Pakistan: madre brucia la figlia per difendere l’onore della famiglia

bruciataNonostante il Governo pakistano  abbia approvato una legge contro il “Delitto d’onore” dopo che l’omicidio della star dei social Qandeel Baloch ha suscitato uno scandalo internazionale, questa orrenda pratica continua ad essere parte integrante dei costumi della società e stando alle affermazioni dell’associazione dei diritti umani del Pakistan sembra che sia addirittura in aumento.

L’ultimo aberrante caso di giustizia sommaria perpetrato per difendere l’onore della famiglia si è verificato a Lahore ed è stato portato a termine da una donna ai danni della figlia diciottenne: dopo essere stata arresta Parveen Bibi ha confessato di aver legato la figlia Zeenat Rafiq, di aver cosparso il suo corpo di cherosene e averla bruciata viva per aver sposato il suo fidanzato di nascosto.

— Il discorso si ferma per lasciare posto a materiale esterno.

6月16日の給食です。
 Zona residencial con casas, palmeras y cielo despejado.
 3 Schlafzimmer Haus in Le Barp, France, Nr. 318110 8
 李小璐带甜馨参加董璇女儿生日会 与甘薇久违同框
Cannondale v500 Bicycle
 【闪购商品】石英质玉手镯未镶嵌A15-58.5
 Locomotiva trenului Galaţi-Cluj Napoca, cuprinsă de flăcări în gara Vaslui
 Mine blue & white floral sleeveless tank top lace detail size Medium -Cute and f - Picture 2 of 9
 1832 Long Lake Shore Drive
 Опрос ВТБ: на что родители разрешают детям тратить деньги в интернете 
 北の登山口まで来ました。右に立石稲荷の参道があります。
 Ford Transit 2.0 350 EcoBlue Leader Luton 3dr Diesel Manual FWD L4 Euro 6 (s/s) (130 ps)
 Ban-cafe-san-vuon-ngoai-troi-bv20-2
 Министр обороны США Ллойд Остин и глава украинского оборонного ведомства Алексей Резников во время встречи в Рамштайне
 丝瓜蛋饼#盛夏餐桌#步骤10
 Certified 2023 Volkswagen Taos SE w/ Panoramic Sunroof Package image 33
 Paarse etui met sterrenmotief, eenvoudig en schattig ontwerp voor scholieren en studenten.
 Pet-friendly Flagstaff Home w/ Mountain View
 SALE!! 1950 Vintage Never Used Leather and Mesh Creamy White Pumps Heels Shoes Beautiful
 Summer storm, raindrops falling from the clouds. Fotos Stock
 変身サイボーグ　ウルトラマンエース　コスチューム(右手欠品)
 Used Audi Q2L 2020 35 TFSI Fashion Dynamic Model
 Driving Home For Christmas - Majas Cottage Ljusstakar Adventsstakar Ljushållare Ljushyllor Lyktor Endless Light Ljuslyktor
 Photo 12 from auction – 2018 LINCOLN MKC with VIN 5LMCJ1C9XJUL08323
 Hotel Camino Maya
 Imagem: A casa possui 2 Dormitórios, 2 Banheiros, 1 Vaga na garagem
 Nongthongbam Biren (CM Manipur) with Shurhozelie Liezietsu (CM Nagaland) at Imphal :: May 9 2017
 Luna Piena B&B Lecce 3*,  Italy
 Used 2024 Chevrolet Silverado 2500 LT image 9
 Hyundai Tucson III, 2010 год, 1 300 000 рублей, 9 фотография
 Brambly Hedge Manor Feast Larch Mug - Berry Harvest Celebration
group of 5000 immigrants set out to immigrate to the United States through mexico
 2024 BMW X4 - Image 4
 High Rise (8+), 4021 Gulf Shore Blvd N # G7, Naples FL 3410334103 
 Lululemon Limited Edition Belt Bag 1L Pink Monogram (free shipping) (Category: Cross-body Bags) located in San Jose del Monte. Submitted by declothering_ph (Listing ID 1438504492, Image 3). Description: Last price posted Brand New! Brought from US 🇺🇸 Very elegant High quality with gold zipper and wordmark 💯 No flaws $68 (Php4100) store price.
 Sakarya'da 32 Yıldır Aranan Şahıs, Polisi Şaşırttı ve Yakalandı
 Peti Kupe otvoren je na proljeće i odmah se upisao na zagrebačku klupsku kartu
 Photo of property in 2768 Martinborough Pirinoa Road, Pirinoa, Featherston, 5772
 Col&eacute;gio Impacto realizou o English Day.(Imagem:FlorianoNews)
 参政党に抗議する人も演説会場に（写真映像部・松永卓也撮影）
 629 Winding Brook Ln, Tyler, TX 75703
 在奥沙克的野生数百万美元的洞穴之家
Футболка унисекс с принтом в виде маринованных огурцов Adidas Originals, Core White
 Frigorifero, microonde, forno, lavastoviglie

In Pakistan la pena prevista dalla legge per un omicidio è la condanna a morte, una pena che non spaventa Parveen, la quale, durante l’interrogatorio, ha detto di non essersi pentita del suo folle gesto perché in questo modo ha riparato le offese arrecate dalla figlia alla famiglia e può morire in pace con la propria coscienza. Dello stesso avviso anche il fratello della ragazza brutalmente uccisa, Anees Rafiq, arrestato e condannato al carcere a vita per aver aiutato la madre ad uccidere la sorella.

La polizia ha cominciato a sospettare della famiglia originaria di Zeenat quando, dopo la scomparsa della ragazza, nessuno dei familiari ha sporto denuncia. Il corpo della povera vittima è stato, quindi, consegnato alla famiglia del marito che dopo un funerale l’ha seppellito nel cimitero della citta.